I love my country. It was founded on what I believe to be Godly principles, coinciding with an era of wonderful spiritual awakening that inspired many to seek and establish a refuge that allowed for the cultivation of life, liberty and the pursuit of happiness - to include the freedom to worship the Lord God as each individual was so moved. And while we are certainly far from perfect, given our natural state as fallen beings, there is little argument that our Nation through the years has been blessed, and has been a light to others throughout the world yearning to be free. I say this not to boast, but to acknowledge the largely positive force for good America has been to the world. Again, we are fallen, and we have our national sins throughout our history. Our modern culture, for each progressive step forward, appears to be in moral retreat. Our fervor is muted, and our aspirations limited. The war of ideas of what America is and should be is being waged all around us, and I wonder if there will come a time when as a society we will cast off the virtues that brought us into being. But because I love my country, and because I cherish the blessings we have received from the Giver of gifts, I confess I spend considerable emotional and intellectual energies on the hope and desire that this Nation will survive, return to an understanding of core values and founding principles, if only because we have been given so much that it is incumbent upon us to continue to shine that light of liberty that even today gives hope to the world.

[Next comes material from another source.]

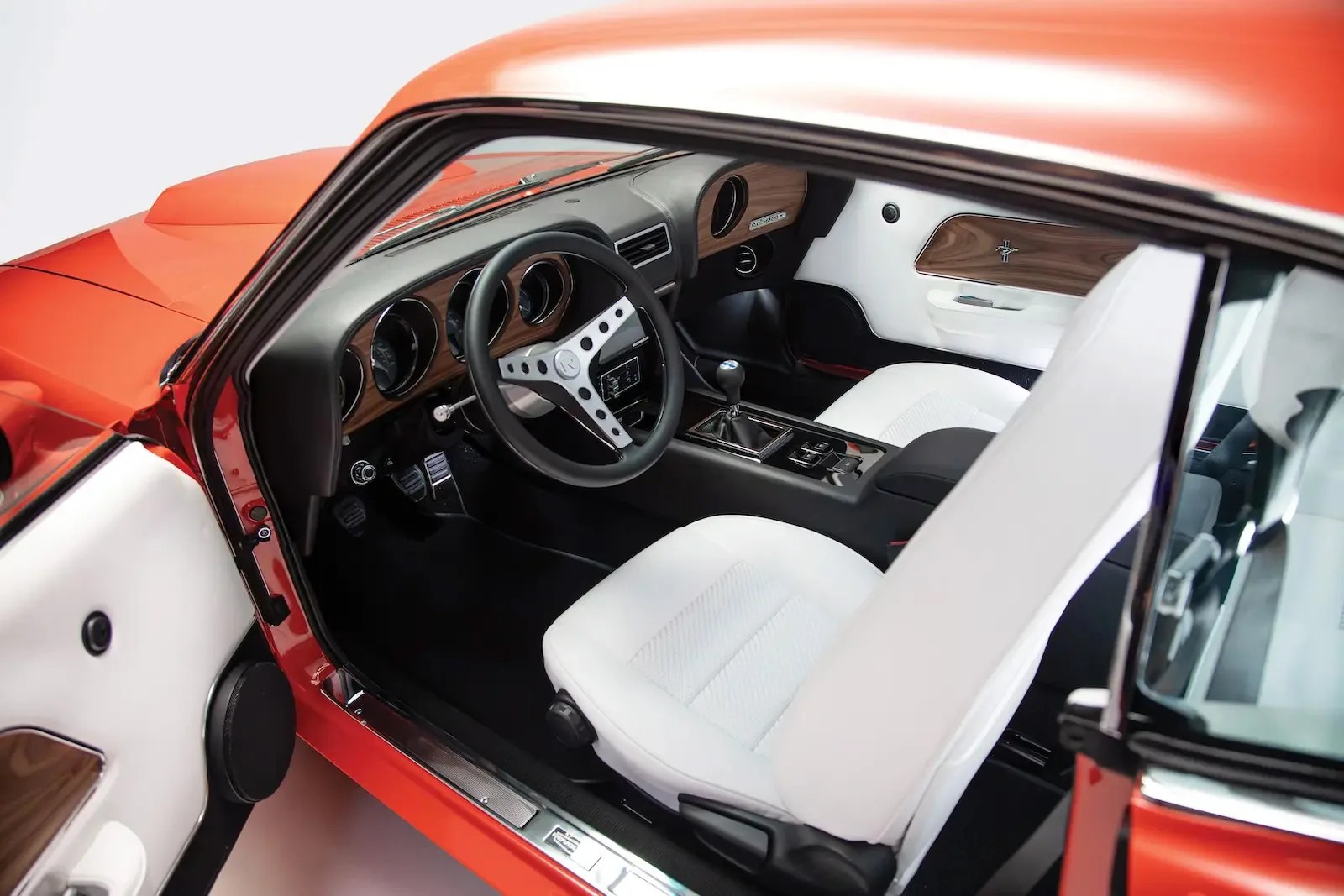 Interior of a classic car with white seats, wood panel dashboard, black steering wheel, and manual gear shift.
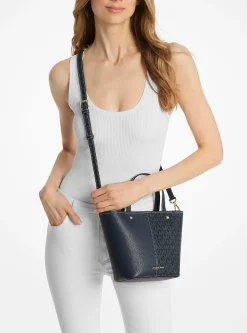 Bolsa a tiracolo em pele granulada e com logótipo exclusivo Flora média | Michael Kors [PT]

And yet, there is another truth that is plain to see. And that is this: the spiritual awakening that helped usher us in as a Nation in the 18th century, and the waves that followed, seems to have subsided. Statistics show that the Church is in decline in America, even as the Gospel flourishes in Africa and Asia. Here, in the most free and prosperous society in the world, the spiritual dynamic pales in comparison to those places in the world where there is less freedom, more tyranny and oppression, and want. And while I am absolutely certain that a people can be both prosperous and spiritually vibrant, it is hard to dismiss the correlation that is evidenced by the movement of God among the nations. God is no respecter of persons; He blesses whomever He chooses to bless. I am sure that I'm not alone in wrestling with this tension between our relative prosperity and the condition of our faith - indeed, I wonder if that in part is what undergirds much of our generous and charitable nature as a society in the face of disasters both natural and man-made.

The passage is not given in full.